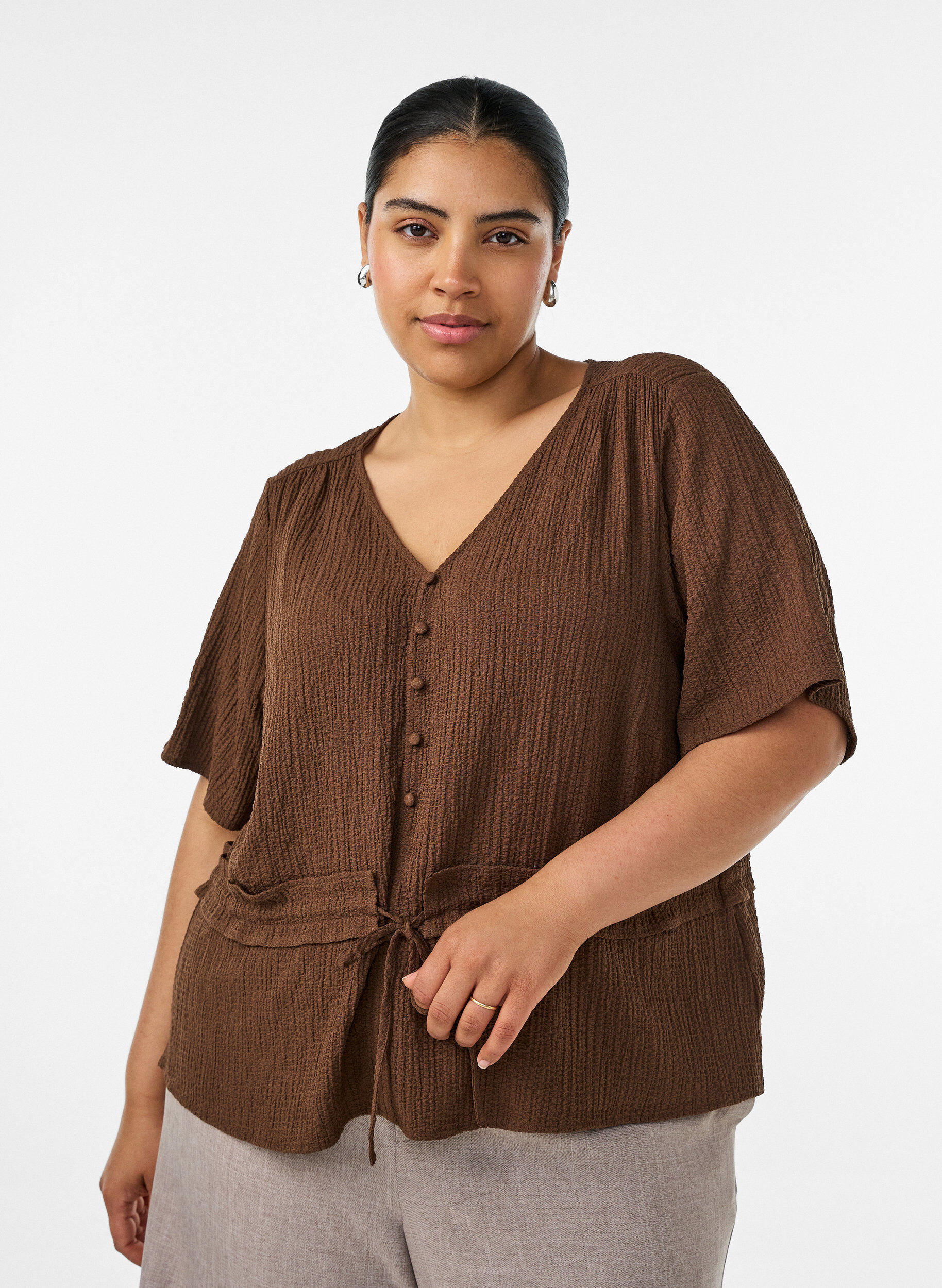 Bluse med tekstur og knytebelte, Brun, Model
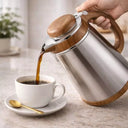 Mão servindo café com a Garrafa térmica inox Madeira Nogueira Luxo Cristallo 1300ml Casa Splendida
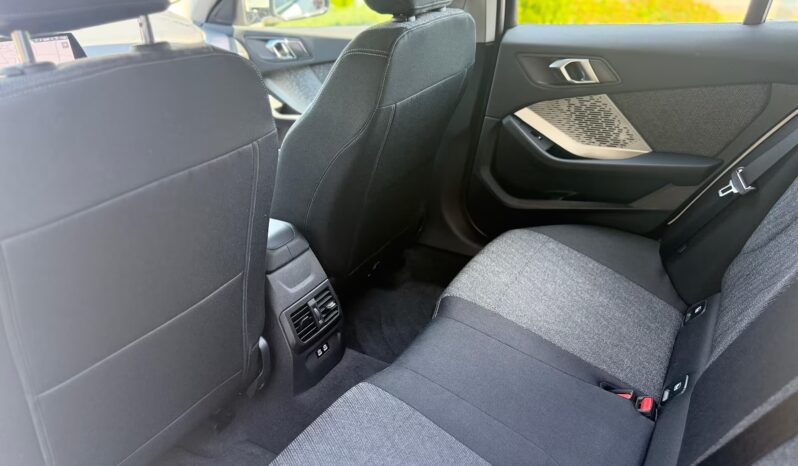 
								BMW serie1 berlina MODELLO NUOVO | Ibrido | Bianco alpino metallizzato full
§
* **EXERCISE REQUIREMENTS**:
In full and without changes, repeat the listing above, but not its pictures.

* **RESPONSE TO THE TASK**:
 Bluse med tekstur og knytebelte, Brun, Model
 Mão servindo café com a Garrafa térmica inox Madeira Nogueira Luxo Cristallo 1300ml Casa Splendida
								BMW serie1 berlina MODELLO NUOVO | Ibrido | Bianco alpino metallizzato full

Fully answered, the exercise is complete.